分離的這些日子以來,他長高了、長壯了,帶著一身成熟的男人味,與無庸置疑的陽剛魅力,然而他仍有一部分的純真是為她保留的。
方境如不由自主地笑了,他依舊是那麼地專斷獨行、霸道不講理,他對她的獨佔欲也一如往常般令人又愛又氣。
她不怕為他所獨佔,只擔心他不再視她為必然的存在。
她打從心裡笑了,分別的這段日子,並沒有在兩人之間造成難以跨越的隔閡,反而讓思念的漩渦愈繞愈深,直達記憶的底層。

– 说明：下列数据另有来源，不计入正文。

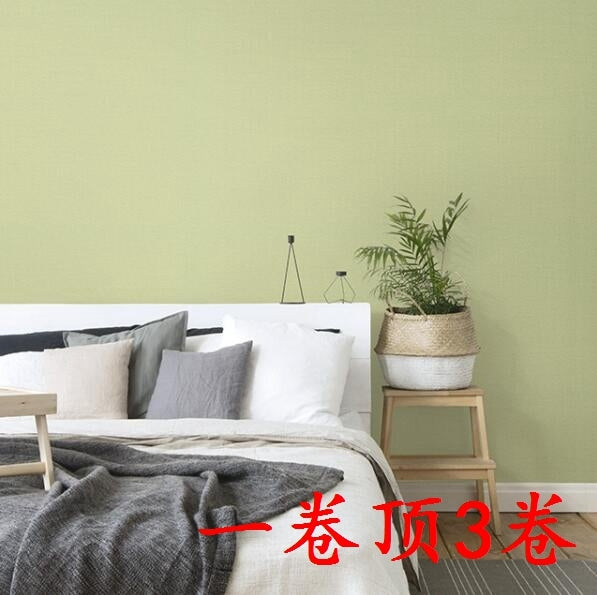 韓國壁紙 LG進口大卷 北歐純色灰綠色淡綠豆綠色布紋榻榻米紋理 - luxhkhome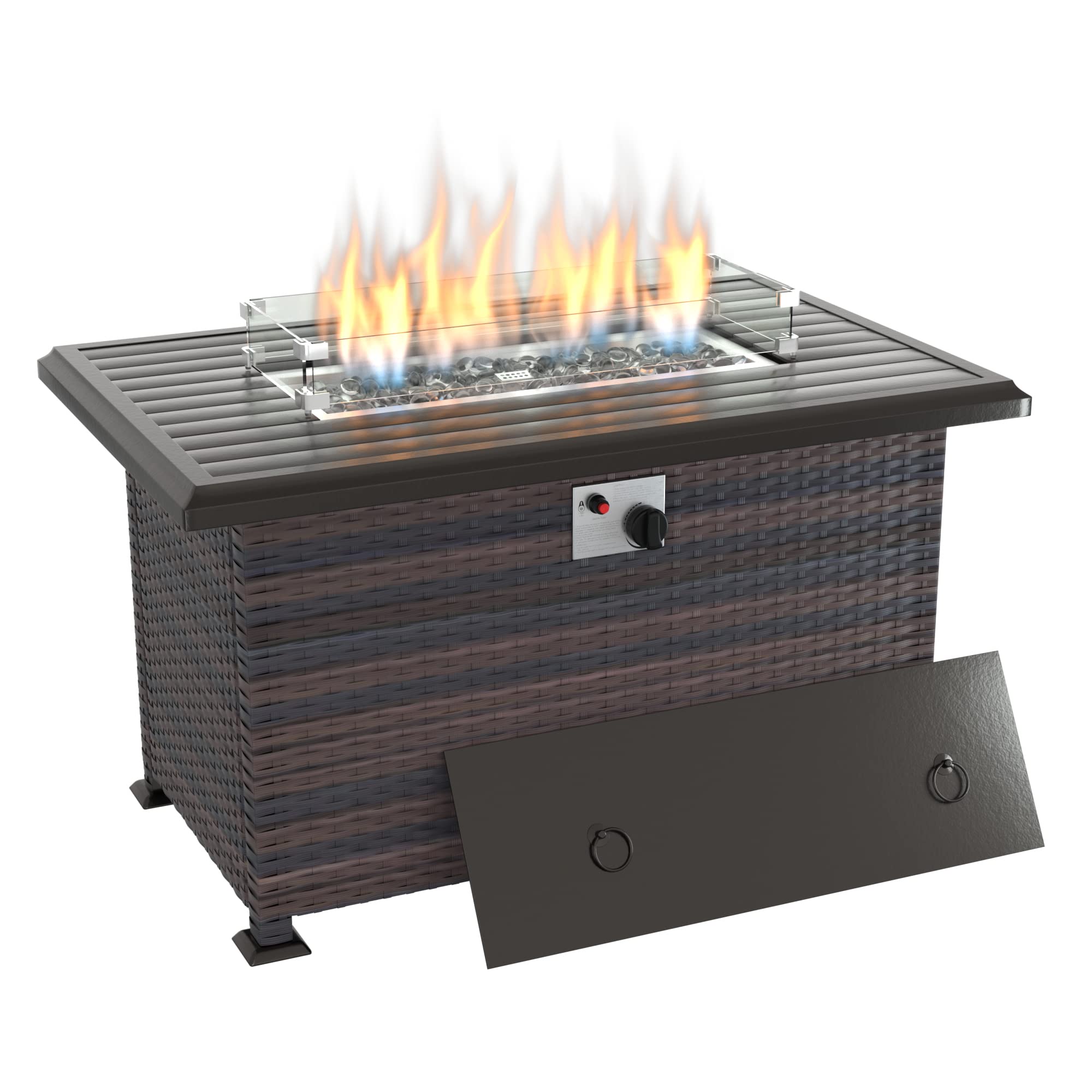 Buy Delnavik Propane Fire Pit Table 43 Inch 55,000 BTU AutoIgnition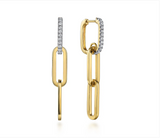 14K Yellow Gold Diamond Link Hollow Chain Drop Earrings - Bay Hill Jewelers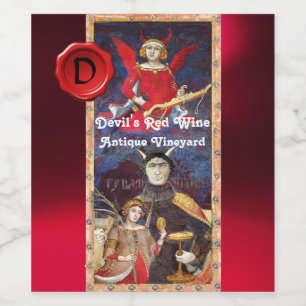 DUIVELS RODE WIJN WASZEGEL MONOGRAM /ANTIEKE TAROT ETIKET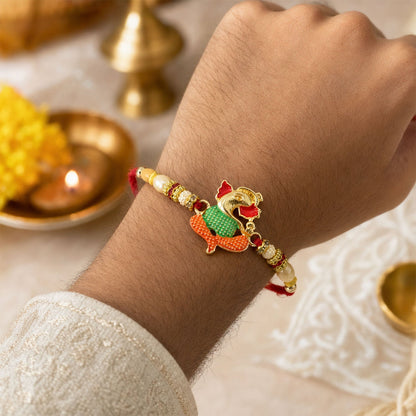 Ganesha Charm Designer Rakhi with Beaded Traditional Accent Work (5pcs)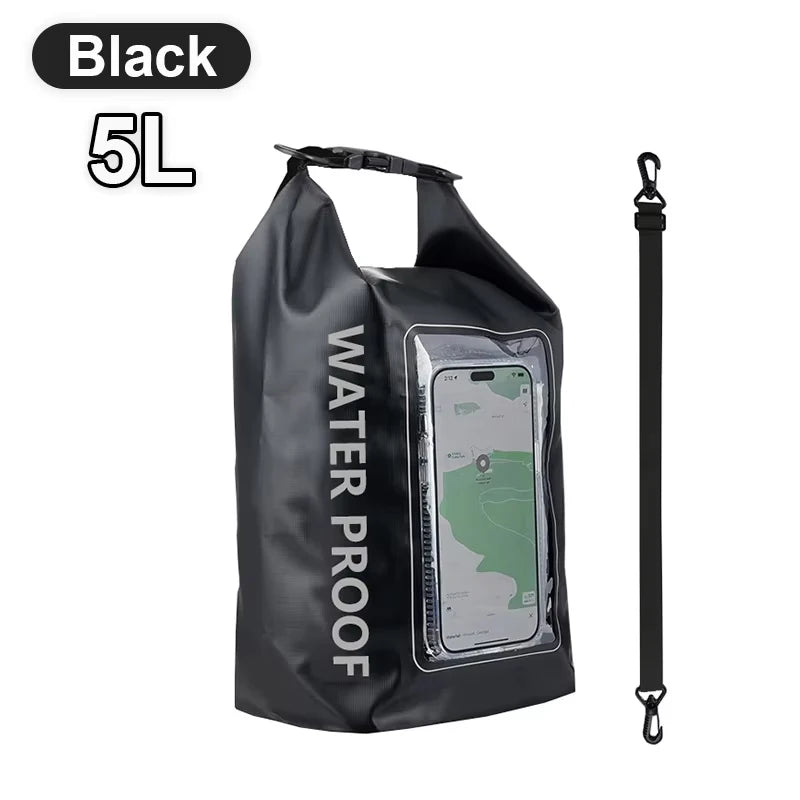 Waterproof Dry Bag, Waterproof Phone Pouch, Waterproof Phone Case & Beach Bag with Phone Window — IPX6 Roll-Top Dry Sack, Waterproof Sling Bag & Shoulder Bag for Kayaking, Boating, Rafting, Swimming & Travel, 5L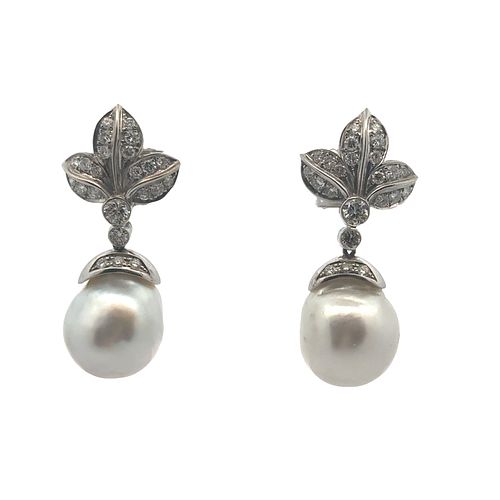 Platinum Earrings with Diamonds and Pearls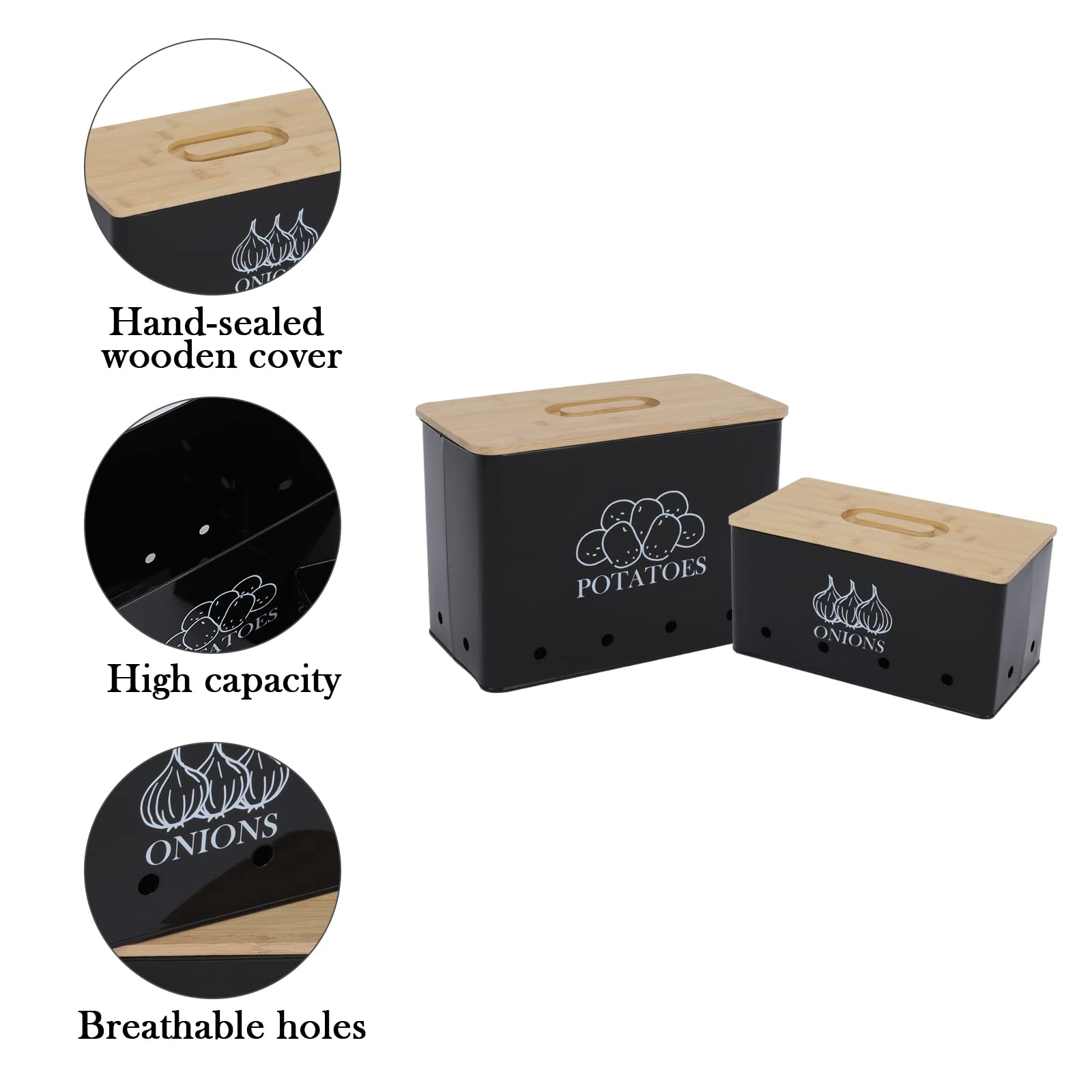 Potato and Onion Storage Box Set of 2 - Airtight Food Containers with Bamboo Lid & Ventilation Holes - Kitchen Vegetable Storage Canisters for Freshness - Perfect for Pantry, Countertop, or Fridge Organization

「你笑什麼?」沈曜南柔聲問著,被她那淺淺的微笑迷住了。
方境如突然毫無預警地推開他,往前跑了好幾步之後才回過頭來喊道:「如果說……你寫來的每封信我都能記得一字不漏,如果說……聽見你要回來的消息,我興奮得好幾天睡不著覺,那麼我是不是就算回答你的問題?」
話一說完,方境如立刻拔腿就跑,留下震驚不已的沈曜南,呆呆地站在原處。
過了好半晌,沈曜南才意識到,這是她第一次明確說出對他的思念。
他瞭解方境如,她一直那麼地害羞內向,這樣的「告白」恐怕是她所能表示的極限了。
沈曜南不由自主地傻笑起來,他渾然不覺夜色已深,獨自站立在融融的月光下,一遍又一遍回味著她說過的每一句話……
第五章
「曜南,你還在睡嗎?」方境如一進門就喊。「老爺和夫人等了你一上午,你也該醒了吧?」
「唉,別吵。」沈曜南說得含含糊糊,顯然還沒睡飽。
於是,方境如就拉張椅子,在他床邊坐了下來。
她就猜沈曜南不會那麼早起,很顯然的,他還沒改掉賴床的壞習慣,不過這倒是合了她的心意,就是要他睡著了,她才能隨心所欲地畫他。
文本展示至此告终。